Taking from this the idea that a semiosphere represents the sum total aggregate of the symbollic space around this context, I had a vision of myself, walking with a sphere of communication techniques and examples (language, art, gesture, expression) floating about me. This cloud represented not just anything that I had ever said or written (or otherwise communicated) but included the entirety of what I might ever say, or be able to say.

The sum total of everything I will ever be able to communicate.

The sum total of everything I will ever be able to communicate.

And then I thought of two of us coming together, each with our own spheres of semiotics, including personal and community symbols, and an ability to recognize and quickly adapt to contexts known to us. I imagine the interplay of our own personal semiospheres, one to the other, as we begin to try to communicate.

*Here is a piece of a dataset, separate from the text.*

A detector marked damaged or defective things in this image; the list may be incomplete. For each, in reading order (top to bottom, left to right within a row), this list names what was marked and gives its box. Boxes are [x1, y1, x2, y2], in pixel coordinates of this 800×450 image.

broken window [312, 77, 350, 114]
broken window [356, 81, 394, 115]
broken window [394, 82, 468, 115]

Having brought with ourselves the entirety of our communicative arsenol, we lob niceties and platitudes at each other, then observe which ones hook together in the shared semiotic space surrounding us. Not all of our personal spheres can be fit together – like oil and water, even if we give them both the name “liquid” cannot mix.

On first encounter, we may only recognize “the weather” and “the place” as subjects shared and in common. But as we meet over time, and we remember what connections we made before, we build the “bridge” of communication between us, and this bridge becomes our starting point for subsequent communication  (in other words, our context).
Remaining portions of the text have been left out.